1) In addition to the Watson's advertising campaign, nearly every store in my area felt the need to break out decorations or uniforms for the holiday season. Most simply wear Santa (Shengdanlaoren--Christmas old man) hats, but I did get to see a number of Shengdanlaoren in full costume, usually handing out candy (and in one case a business card for a prostitution service). For some reason, the men chosen to play the part are invariably young, short, and thin as toothpicks; all told, bizarre renditions, especially when hearing them call out, "Hou, hou, hou, Shendan huaile," which sounds to me just now like "Behind, behind, behind, Christmas happy."

2) Shops are of course putting up decoractions as well. My two favorite are the hair salon I pass on the way to work (whose windows read, "MErry hAPPy") and the kafeiting below work (whose windows read, "Merry Christmas 2008").

3) Our school, of course, held a Christmas party for the students last week, chock full of "genuine Western Christmas activities." The activities included making Christmas cards, meeting Santa (played by a Nigerian), Pin the Nose on Rudolph, Musical Newspapers, Balloon Fights and Fortune Balloons (the object of the last two simply being to pop balloons). The Christmas pinata we'd been planning didn't happen, but the student "gift exchange" (with a 20 kuai limit) went off just as planned--i.e., horribly; it turns out the idea of bringing a gift, then taking another, isn't that easy to grasp, so most of the students brought things they wanted and then cried or screamed when they saw others were taking their gifts.
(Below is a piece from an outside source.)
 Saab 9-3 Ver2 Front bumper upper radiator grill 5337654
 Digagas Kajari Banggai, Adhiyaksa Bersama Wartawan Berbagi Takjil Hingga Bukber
Even more in the holiday spirit, some students simply chose not to bring a gift, then steal one while everyone else was playing games. 'Tis the season to be greedy.

4) A friend from Bao'an noticed on our last trip to the nice jazz club in my area that they have a menorah on display alongside a random collection of objects. No, this isn't an attempt to acknowledge a non-Christmas winter holiday: it turns out the menorah is there because a) it holds candles, and b) candles are romantic. I hope everyone had a sexy Hanukka.

5) Friends and co-workers celebrated Christmas afternoon with a brunch at my apartment, which turned out quite well. My guests showed up bearing gifts--fruit, vegetables, pizza, and KFC--that went well with the breakfast food (deviled eggs, sausage, bacon, potatoes, egg-and-sausage casserole) I'd cooked or bought, and I wound up with some useful leftovers (mostly cheese, butter, and bread from Bread Talk).

6) After the brunch, Nersey apparently headed home to have his normal Christmas celebration (eating Chinese food and watching a movie), and the rest of us headed out for Christmas hot-pot.

7) Unfortunately, no one seems to want to come for a "Clean my Apartment" party, so I'll be working to clean up for the next day or two.

"Tale of Two Restaurants"
Originally posted: 08:10, 2007-10-18
I've been getting a mixed sort of welcome from China this year. Two restaurant visits in one week sum up this welcome nicely.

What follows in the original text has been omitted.